Stiglitz comincia dal principio e dalla sua terra, gli Stati Uniti: «Parlo di disuguaglianza e la studio perché sono nato nell’Indiana: nella mia città si produceva l’acciaio e so cosa significa assistere al processo di de-industrializzazione di un Paese, o anche solo di una sua porzione».
«Vi voglio parlare di quali sono le cause e le manifestazioni delle disuguaglianze». Continua a usare il plurale Stiglitz, perché «la disuguaglianza economica è una sola, ma in America le più gravi riguardano quelle della salute», le persone povere in assenza di un servizio sanitario nazionale e che, anche dopo l’Obamacare, godono di un’aspettativa di vita di anni inferiore rispetto a persone con redditi elevati; e «le disuguaglianze della giustizia: quando i nostri ragazzi vanno a scuola giurano sulla bandiera e sulla giustizia incarnata dalla Costituzione, ma io farei aggiungere la frase: per chi se la può permettere».
I salari reali minimi negli Usa, ponderati per l’inflazione, sono più bassi di quanto fossero 60 anni fa, rimasti inchiodati al palo: «Riuscite a immaginarvi una persona che per sessant’anni non riceve aumenti?». Il sogno americano è una bugia, afferma Stiglitz: «c’è sicuramente chi riesce a scalare la piramide sociale ma – secondo il Nobel – la disciplina economica deve occuparsi di statistiche e probabilità, non di aneddotica».
Nelle classifiche sulla disparità di reddito all’interno dei Paesi industrializzati, gli Usa svettano davanti al Regno Unito. Sul terzo gradino del podio l’Italia.
Sciorina dati e grafici, Stiglitz dal palco del S.Chiara di Trento: il paese con la minor disuguaglianza – la Danimarca – è anche il Paese con la più alta mobilità sociale, c’è una correlazione che impone di studiarle assieme.
E non risparmia accuse all’amministrazione Obama e alla Federal Reserve: per Stiglitz, il Quantitative easing della Fed si basava su presupposti sbagliati, riassumibili nella frase: “Diamo un sacco di soldi alle banche e speriamo che li prestino ai nostri lavoratori sottopagati”. «Non poteva funzionare, sul lungo periodo, e infatti i dati parziali sulla crescita del Pil mostrano nell’ultimo trimestre il ritorno del segno meno».
L’economista americano non usa mezze misure nemmeno per parlare della Banca centrale europea: «l’istituto guidato da Mario Draghi è governato da logiche e principi che andavano molto di moda negli anni ‘80 e ‘90 ma che adesso sono posizioni anti-storiche».

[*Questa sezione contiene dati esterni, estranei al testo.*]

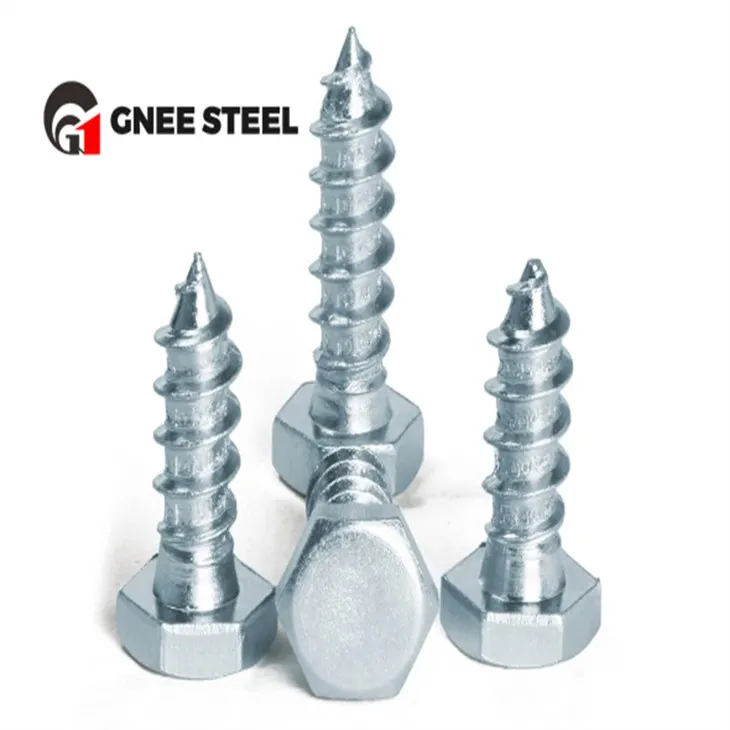 СС316 Шестоугаони вијци за дрво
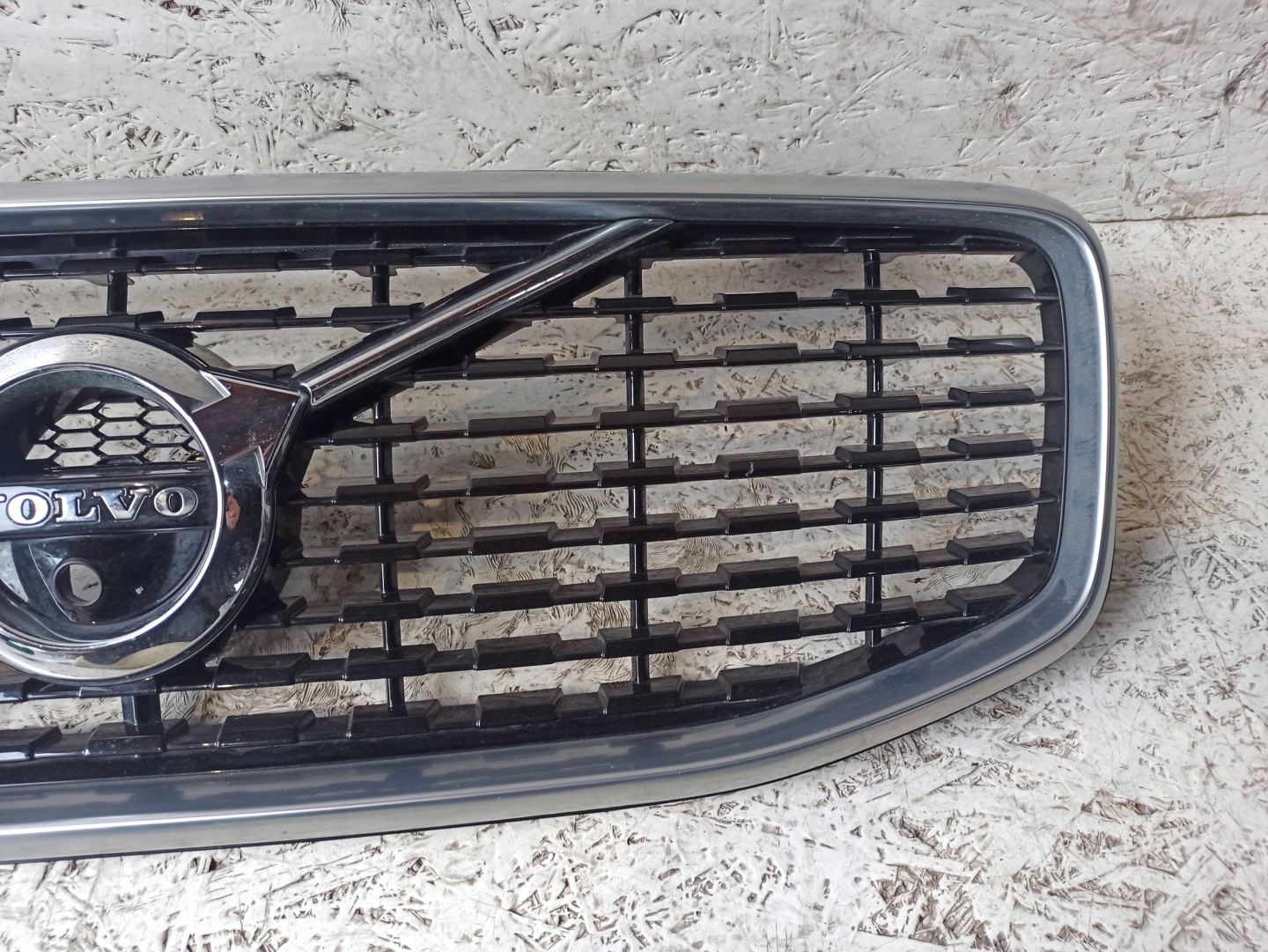 Volvo XC60 Kühlergrill FRONTGRILL Kühlergitter 31457464 - Thumbnail 3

Il professore di Yale e Mit sveste i panni dell’economista critico solo per complimentarsi con il suo collega francese Thomas Piketty, autore del best- seller Il Capitale nel XXI secolo, con il quale tuttavia non condivide l’orizzonte destinale: «La disuguaglianze non sono destinate a crescere per sempre, abbiamo i mezzi, gli strumenti e le conoscenze per bloccare questo fenomeno. Il problema reale non è né il capitalismo né il capitale XXI secolo. Il problema è la politica, la democrazia nel XXI secolo».